Coefficients (slope):
Internet: Positive (around 0.1903), more internet, higher life expectancy. GDP: Negative (Positive 0.0000237), not significant.
Adjusted R²: about 0.72. This means about 71% of Life Expectancy variance is explained by this model. This is better than the 43% we got from the simple model earlier.
Suggestions of Additional Predictors: The additional predictors are valuable for making the interpretation more accurate. Life Expectancy is better displayed through health, internet, and GDP rather than just GDP alone.
For the simple linear regression model from Question 1 (LifeExpectancy ~ GDP), describe how you would check the assumptions of homoscedasticity and normality of residuals. For each assumption, explain what an ideal outcome would look like and what a violation might indicate about the model’s reliability for predicting life expectancy. Afterwords, code your answer and reflect if it matched the ideal outcome.
I would check the assumptions of homoscedasticaly and normality of residuals creating plots such as “Residuals vs Fitted,” “Q-Q Residuals,” “Scale-Location,” and “Residuals vs Leverage.”An ideal outcome of these plots would be if the residuals vs fitted plot is scattered around 0 while showing no clear pattern, if the Q-Q Residuals plot points are shown as a diagonal line, if the sale-location plot points are evenly distributed and a horizontal line, and if the residuals vs leverage plot lands inside the cook’s distances dashed line.

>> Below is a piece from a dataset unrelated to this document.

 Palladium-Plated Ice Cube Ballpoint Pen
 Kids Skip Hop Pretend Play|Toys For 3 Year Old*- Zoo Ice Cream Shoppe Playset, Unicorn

par(mfrow=c(2,2)); plot(simple_model); par(mfrow=c(1,1))
Reflection
Residuals vs Fitted: The plots are not distributed around 0 and are all over the place Q-Q Residuals: For the most part, it is visualized as a diagonal line Scale-Location: The plots are not evenly distributed and the line is not perfectly horizontal Residuals vs Leverage: The points do not fall in the cook’s distance line.

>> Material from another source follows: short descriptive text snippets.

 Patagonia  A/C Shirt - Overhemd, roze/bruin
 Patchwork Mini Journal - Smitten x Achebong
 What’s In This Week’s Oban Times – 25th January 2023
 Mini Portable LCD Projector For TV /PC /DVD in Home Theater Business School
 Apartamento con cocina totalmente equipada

For the multiple regression model from Question 2 (LifeExpectancy ~ GDP + Health + Internet), calculate the RMSE and explain what it represents in the context of predicting life expectancy. How would large residuals for certain countries (e.g., those with unusually high or low life expectancy) affect your confidence in the model’s predictions, and what might you investigate further?
# Calculate residuals
residuals_multiple <- resid(multiple_model)
# Calculate RMSE for multiple model
rmse_multiple <- sqrt(mean(residuals_multiple^2))
rmse_multiple
## [1] 4.056417
Interpretation:
The RMSE is (4.056417) and it represents that the model’s predictions are off by around 4 years.
Large Residuals would reduce the confidence in the model by adding factors such as outliers, missing variables, etc.
We would have to investigate the missing variables further, outliers, multicolinearlity, and more to make the model more confident.
Suppose you are analyzing the AllCountries dataset and fit a multiple linear regression model to predict CO2 emissions (metric tons per capita) using Energy (kilotons of oil equivalent) and Electricity (kWh per capita) as predictors. You notice that Energy and Electricity are highly correlated. Explain how this multicollinearity might affect the interpretation of the regression coefficients and the reliability of the model.
High correlation between energy and electricity makes it hard to interpret the regression coefficients because their effects are related to one another, which fluctuates the estimates and can increase standard errors, which reduces the reliability of the model even if the model still predicts C02 decently.